En 2019, alors que les Acadiens du Nouveau-Brunswick étaient accablés de tout bord par un premier ministre Blaine Higgs unilingue hostile, dirigeant un parti qui n’avait aucun lien avec les Acadiens et gouvernant sans les francophones, pactisant avec un parti anti-acadien, alors qu’on blâmait le français pour la crise des ambulances et les coûts des autobus scolaires, en cette année de 50e anniversaire du bilinguisme provincial, Justin Trudeau, représentant le «gouvernement protecteur des langues officielles», nomme une unilingue au poste de lieutenant-gouverneur. Comme si des centaines de Néo-Brunswickois bilingues, dont nombre d’anglophones de tous les genres, n’étaient pas disponibles et capables de remplir les tâches simples de ce poste symbolique.

Connaissant la personne nommée pour son excellent travail pour l’égalité et l’empowerment, j’ai gagé, naïve, qu’elle n’accepterait pas.

Comme le politologue Roger Ouellette a écrit dans l’Acadie Nouvelle: «Pourquoi ne pas avoir voulu récompenser les efforts d’un membre bilingue de la communauté anglophone?» Encore et encore, certains veulent démontrer que le français est inutile.

Puis en 2021, Justin Trudeau nomme Mary Simon qui ne parle pas le français, bien qu’il existât des listes de candidats tout aussi impressionnants qui étaient autochtones et francophones.
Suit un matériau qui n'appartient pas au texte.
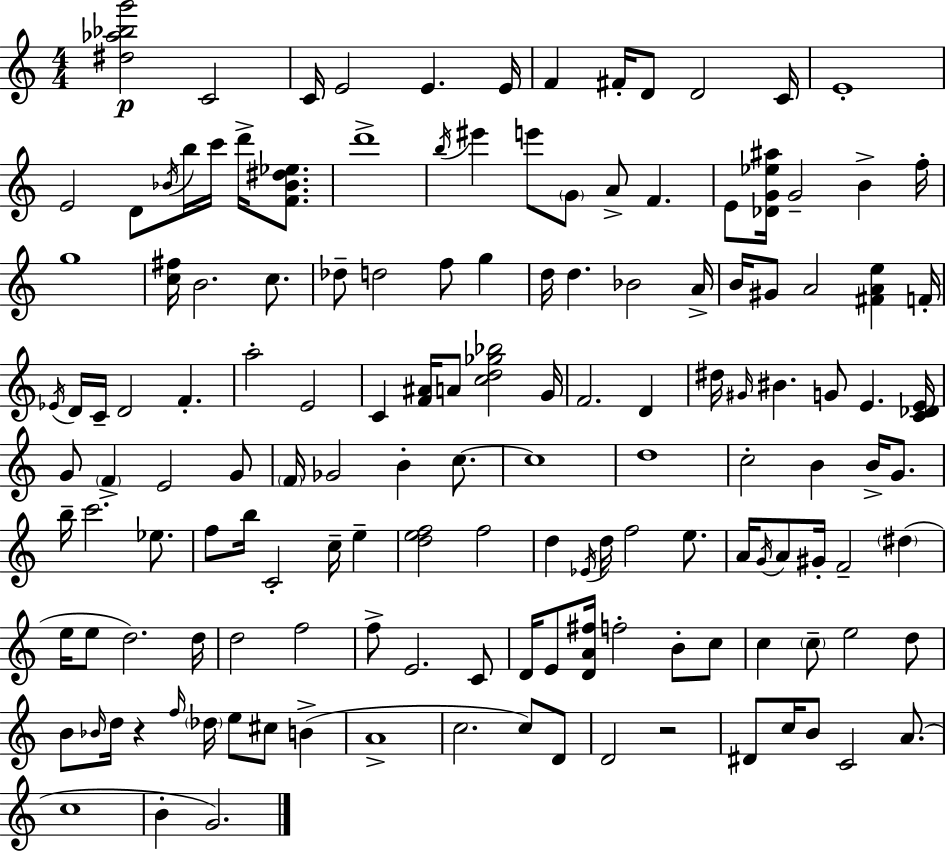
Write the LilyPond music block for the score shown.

{
  \clef treble
  \numericTimeSignature
  \time 4/4
  \key c \major
  <dis'' aes'' bes'' g'''>2\p c'2 | c'16 e'2 e'4. e'16 | f'4 fis'16-. d'8 d'2 c'16 | e'1-. | \break e'2 d'8 \acciaccatura { bes'16 } b''16 c'''16 d'''16-> <f' bes' dis'' ees''>8. | d'''1-> | \acciaccatura { b''16 } eis'''4 e'''8 \parenthesize g'8 a'8-> f'4. | e'8 <des' g' ees'' ais''>16 g'2-- b'4-> | \break f''16-. g''1 | <c'' fis''>16 b'2. c''8. | des''8-- d''2 f''8 g''4 | d''16 d''4. bes'2 | \break a'16-> b'16 gis'8 a'2 <fis' a' e''>4 | f'16-. \acciaccatura { ees'16 } d'16 c'16-- d'2 f'4.-. | a''2-. e'2 | c'4 <f' ais'>16 a'8 <c'' d'' ges'' bes''>2 | \break g'16 f'2. d'4 | dis''16 \grace { gis'16 } bis'4. g'8 e'4. | <c' des' e'>16 g'8 \parenthesize f'4-> e'2 | g'8 \parenthesize f'16 ges'2 b'4-. | \break c''8.~~ c''1 | d''1 | c''2-. b'4 | b'16-> g'8. b''16-- c'''2. | \break ees''8. f''8 b''16 c'2-. c''16-- | e''4-- <d'' e'' f''>2 f''2 | d''4 \acciaccatura { ees'16 } d''16 f''2 | e''8. a'16 \acciaccatura { g'16 } a'8 gis'16-. f'2-- | \break \parenthesize dis''4( e''16 e''8 d''2.) | d''16 d''2 f''2 | f''8-> e'2. | c'8 d'16 e'8 <d' a' fis''>16 f''2-. | \break b'8-. c''8 c''4 \parenthesize c''8-- e''2 | d''8 b'8 \grace { bes'16 } d''16 r4 \grace { f''16 } \parenthesize des''16 | e''8 cis''8 b'4->( a'1-> | c''2. | \break c''8) d'8 d'2 | r2 dis'8 c''16 b'8 c'2 | a'8.( c''1 | b'4-. g'2.) | \break \bar "|."
}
Dans un cas comme dans l’autre, c’est comme si les parlant-français sont stéréotypés «homogènes», francophones est la seule chose qu’on est. On ne pense pas à nous comme potentiellement autochtones, immigrants, racisés, de diverses orientations sexuelles. Il y a une colonne «francophone» et les autres colonnes.

Ces personnes unilingues ne vont pas apprendre le français, je n’ai aucune illusion. Mais même si à la fin de leur mandat, elles pouvaient me répondre quand je demandais «Pis, cosse-tu fais de bon?», je contesterais toujours leur nomination. Là n’est pas la question. Ceci n’est pas une école. Ceci est une démocratie, ces postes sont politiques, donc je réagis comme citoyenne politique.
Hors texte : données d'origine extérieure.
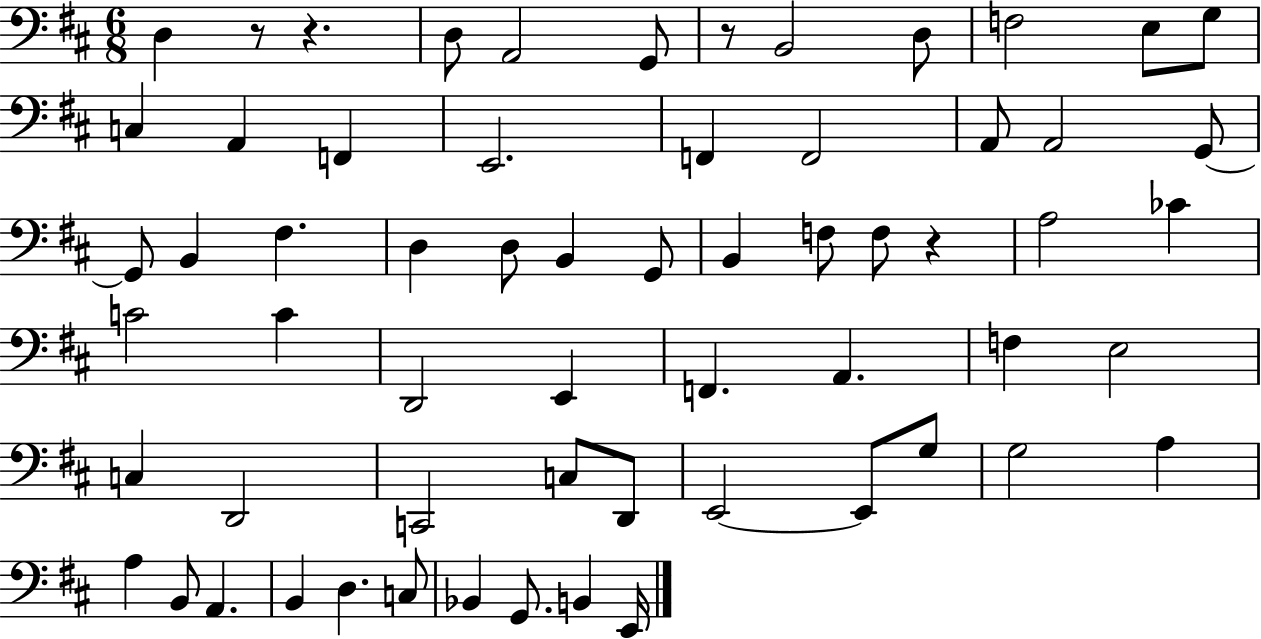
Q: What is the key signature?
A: D major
Et il y a moyen d’enseigner le français langue seconde qui coûte moins, et je ne parle pas seulement du coût monétaire.

Face à ceux qu’on «force» à apprendre le français, on voudrait nous convertir en tuteurs, en meneurs de claque. Ce tour de passe-passe que certains veulent toujours nous faire – les francophones seraient responsables de l’unilinguisme des anglophones – ça ne passe pas. Je suis citoyenne, pas ta mère.

C’est pourquoi, quand Brenda Murphy ou Mary Simon lisent des syllabes à la française pendant quelques minutes une fois l’an, je ne m’intéresse aucunement à évaluer ou saluer leur progrès.

On ne me fera pas oublier qu’elles sont complices par intérêt personnel et que d’autres, tout aussi qualifiés, auraient pu être nommés sans se moquer de nos droits.